Creating Texture in Linocuts
Today is a blog post for fellow printmakers! It is about the importance of making use of texture in linocuts, especially if it is a one colour linocut. Texture adds interest and realism. You can create texture by using different sized tools. Here are some of my tools here. You can see they have different size cutting grooves. Using a variety of tools and cutting styles brings your linocuts to life.
Have a look at the bat linocut print below for example, which I created for my bat and insect fabric. You can see I’ve used a small tool to create the fur. This contrasts with the solid black of the wings. I used my smallest tool and short, sharp gouges to flick out small pieces of lino. I make sure the gouges are not too uniform so it realistically reflects fur by angling my hand in different directions.
The amount of texture you add can lead to a variation of shades of colour, and this can help to differentiate between areas. Look at the ‘Sleeping Rabbits’ part of my Rabbits in Burrow print below. It incorporates three different shaded areas:
1.The light hay, where only the thinnest lines have been left behind.
2. The mid tone rabbits where a thin tool has been used to create lots of short lines to give the impression of fur.
3. Finally, there is the almost solid, very dark earth, where the only texture is the occasional stone.
In creating texture, it is important not to over-cut, and clear out too much. In my Christmas Bears card below, for example, I was over zealous in creating the lines for the fur of Mummy Bear and looks a bit bald!

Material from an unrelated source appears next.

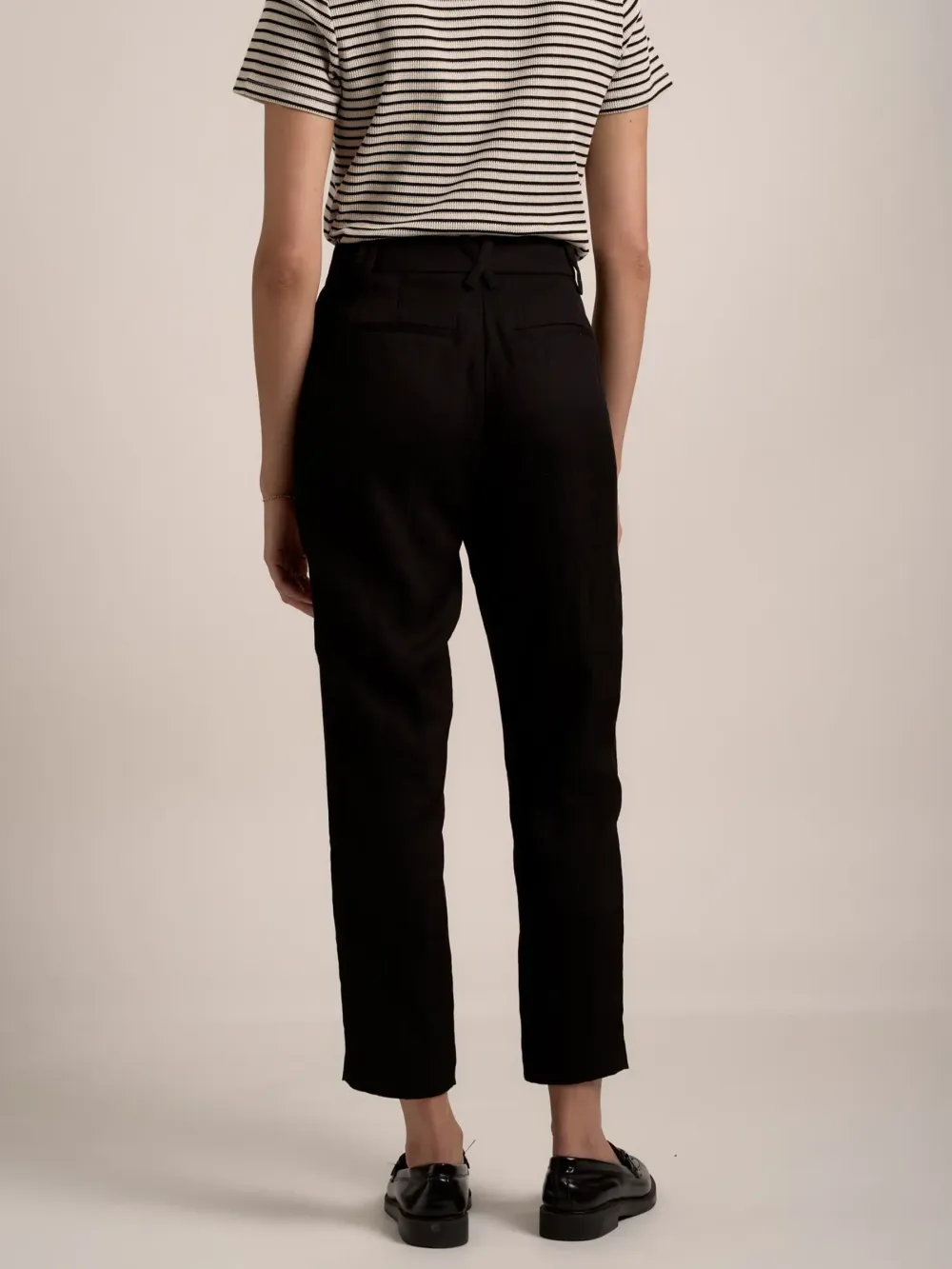Black The Slim Leg Pant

In creating a colour linocut, it is also important to add texture. It can make a single area of colour lighter or darker, which helps to describe the surface area and solidity of the subject. Look at the grey section of my Gannets print below. The solid grey in the beaks shows how strong they are. The textured grey highlights their feather and changes into a solid grey, to show the shaded area.
Enjoy using your tools to create different textured effects in your linocuts!